An interview with Mike Ross, some semi-novel remarks on the budget crisis, and a report on the latest sure-winner lawsuit against Sheriff Joe (hatin' on spics brown people is expensive!) to follow in the next few days. Expect one of those three by the end of Sunday. And as soon as I get his permissions issues settled--does Gmail eat Blogger.com e-mails?--there should be a second co-'blogger.

Friday, August 28, 2009

Criminality of CCW permit holders

Via Arizona's Dave Hardy, an update on CCW in Texas. No surprises: CCW permit holders are far less likely to engage in violent crime or burglary than the rest of the populace.

Arizona doesn't provide a similar breakdown. It should. But is there any reason to believe Arizona's concealed carriers to be more criminal than Texas's?

More on Fan Cans

The Desert Lamp has done a fairly thorough roundup of "Fan Can" news.

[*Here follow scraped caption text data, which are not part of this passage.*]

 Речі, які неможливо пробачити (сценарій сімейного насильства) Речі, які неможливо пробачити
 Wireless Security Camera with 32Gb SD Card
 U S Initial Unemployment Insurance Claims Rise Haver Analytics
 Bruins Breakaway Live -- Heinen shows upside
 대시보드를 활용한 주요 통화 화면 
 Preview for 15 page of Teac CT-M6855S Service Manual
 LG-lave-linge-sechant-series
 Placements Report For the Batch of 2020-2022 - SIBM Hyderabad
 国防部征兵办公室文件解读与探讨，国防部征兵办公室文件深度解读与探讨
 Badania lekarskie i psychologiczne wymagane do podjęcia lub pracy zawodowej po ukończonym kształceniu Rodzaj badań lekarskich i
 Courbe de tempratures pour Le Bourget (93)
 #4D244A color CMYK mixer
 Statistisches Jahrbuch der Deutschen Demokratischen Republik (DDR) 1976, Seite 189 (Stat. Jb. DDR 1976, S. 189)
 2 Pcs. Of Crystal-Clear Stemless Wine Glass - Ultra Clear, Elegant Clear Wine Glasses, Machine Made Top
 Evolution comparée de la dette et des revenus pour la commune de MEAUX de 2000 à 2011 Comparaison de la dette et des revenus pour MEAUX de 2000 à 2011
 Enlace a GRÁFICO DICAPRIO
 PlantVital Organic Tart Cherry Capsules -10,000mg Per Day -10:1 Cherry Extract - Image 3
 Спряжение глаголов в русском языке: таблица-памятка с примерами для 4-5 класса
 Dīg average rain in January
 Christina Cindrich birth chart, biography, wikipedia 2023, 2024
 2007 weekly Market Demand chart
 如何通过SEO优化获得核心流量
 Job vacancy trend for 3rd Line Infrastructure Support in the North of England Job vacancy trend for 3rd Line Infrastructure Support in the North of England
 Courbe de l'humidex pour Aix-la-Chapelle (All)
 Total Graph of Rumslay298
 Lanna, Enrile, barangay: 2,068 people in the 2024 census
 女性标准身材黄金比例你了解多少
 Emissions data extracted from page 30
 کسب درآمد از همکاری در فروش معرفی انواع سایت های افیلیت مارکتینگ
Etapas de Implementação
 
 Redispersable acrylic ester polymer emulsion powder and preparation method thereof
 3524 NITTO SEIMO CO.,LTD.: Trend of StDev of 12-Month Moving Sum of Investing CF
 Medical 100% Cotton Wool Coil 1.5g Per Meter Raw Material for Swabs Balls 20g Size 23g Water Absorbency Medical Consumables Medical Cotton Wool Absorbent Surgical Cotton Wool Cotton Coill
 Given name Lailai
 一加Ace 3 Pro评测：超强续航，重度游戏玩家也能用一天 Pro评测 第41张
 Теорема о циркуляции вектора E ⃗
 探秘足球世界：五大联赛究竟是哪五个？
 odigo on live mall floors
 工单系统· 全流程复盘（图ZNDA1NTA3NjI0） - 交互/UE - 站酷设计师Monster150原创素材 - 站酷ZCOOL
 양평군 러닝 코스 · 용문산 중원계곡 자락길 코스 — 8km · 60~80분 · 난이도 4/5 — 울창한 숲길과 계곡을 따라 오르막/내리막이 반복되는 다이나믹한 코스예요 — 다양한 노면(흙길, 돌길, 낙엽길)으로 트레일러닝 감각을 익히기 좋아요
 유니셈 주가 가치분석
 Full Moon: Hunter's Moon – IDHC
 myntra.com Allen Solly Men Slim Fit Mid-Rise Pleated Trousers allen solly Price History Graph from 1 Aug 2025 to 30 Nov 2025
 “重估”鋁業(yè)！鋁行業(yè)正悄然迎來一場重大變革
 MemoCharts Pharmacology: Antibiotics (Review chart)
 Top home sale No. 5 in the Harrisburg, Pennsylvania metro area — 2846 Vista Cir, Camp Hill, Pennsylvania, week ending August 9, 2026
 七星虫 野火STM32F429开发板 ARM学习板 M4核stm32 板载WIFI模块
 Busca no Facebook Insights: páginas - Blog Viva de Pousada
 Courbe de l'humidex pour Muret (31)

Notably, Becky Pallack, 'blogging for the Daily Star, heard from Budweiser distributor Golden Eagle that not selling UA "Fan Cans" was a "business decision".

Interesting. There'd probably be more demand for this than for blue, white, and tan cans in Provo (I'm picturing Jim McMahon in the commercial...) but not enough to justify whatever costs in storage, retailer shelf space, and goodness knows what else--I don't know a thing about the macrobrau distributor business!--offering yet another permutation of the famous acetaldehyde-flavored rice brew would entail. I presume that that, and not avoiding being the subject of pseudo-moral grandstanding from Robert Shelton, is the reason for the decision.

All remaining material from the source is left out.